Apple decided to change the architecture of their processor. They use ARM chips that they develop in-house. This change comes with some trade-off for python programming especially in the data science world. I had to use some data science and bioinformatic libraries and faced issues regarding their installation. The most notable one was with the library scanpy. First the library needs some system dependencies. Second, these some Python libraries that are just not available yet for the ARM chips. Indeed their wheels is still note ready to be used on PyPi. Here I kept note to remember the steps needed for the installation of scanpy. For managing my environments I use poetry, conda or pipenv. Unfortunately I did not manage to install Scanpy via pip depedent package managers (both pipenv or poetry do not work). The only alternative that worked wasconda. But to be operational, you first need to install and configure some dependencies.

HDF5

HDF5 is a high performance data software library and file format to manage, process, and store your heterogeneous data. HDF5 is built for fast I/O processing and storage. Scanpy can read and store AnnData object as h5ad files that are hdf5 files with some additional structure specifying how to store AnnData objects. To install it you will need homebrew on your Mac M1 machine.

brew install hdf5
export HDF5_DIR=/opt/homebrew/Cellar/hdf5/1.12.1 # use the version you have

LLVMLITE

Next install llvmlite with homebrew. llvmlite provides a Python binding to LLVM for use in Numba that translates a subset of Python and NumPy code into fast machine code. It is extensively used in Scanpy given its dependency to numpy and scikit-learn.

brew install llvm@11

Make sure /opt/homebrew/opt/llvm@11/bin is in your path. For that edit the /etc/paths to add this path. Next install llvmlite in your python environment.

Conda

I recommend installing Miniconda. Miniconda is essentially an installer for an empty conda environment, containing only Conda, its dependencies, and Python.

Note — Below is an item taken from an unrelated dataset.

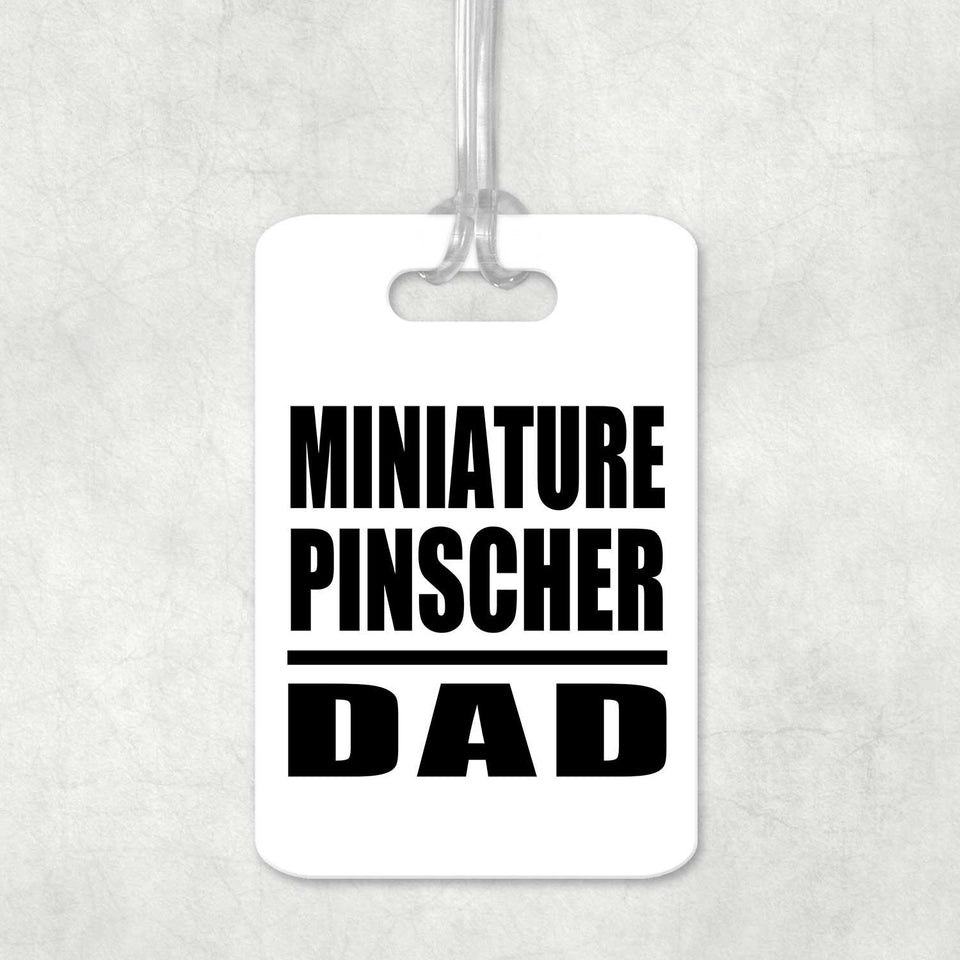 Miniature Pinscher Dad - Luggage Bag Tag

conda config --add channels defaults
conda config --add channels bioconda
conda config --add channels conda-forge
conda config --set offline false

Once done, you can install scanpy in your machine.

conda install scanpy

Conclusion

It was a short one, but it will be, for sure, a good reminder for my future scanpy projects when working in a Mac M1. I hope that in the future these issues will be solved. In the mean time, I still use my Linux computer when I need to deal with Scanpy. There, everything works out of the box with classical pip install.

Update

Since Numba 0.55.2 and llvmlite 0.38.1 are now available with wheels from PyPi you can now easily install scanpy on your mac M1. You can see the thread here to have more context about it.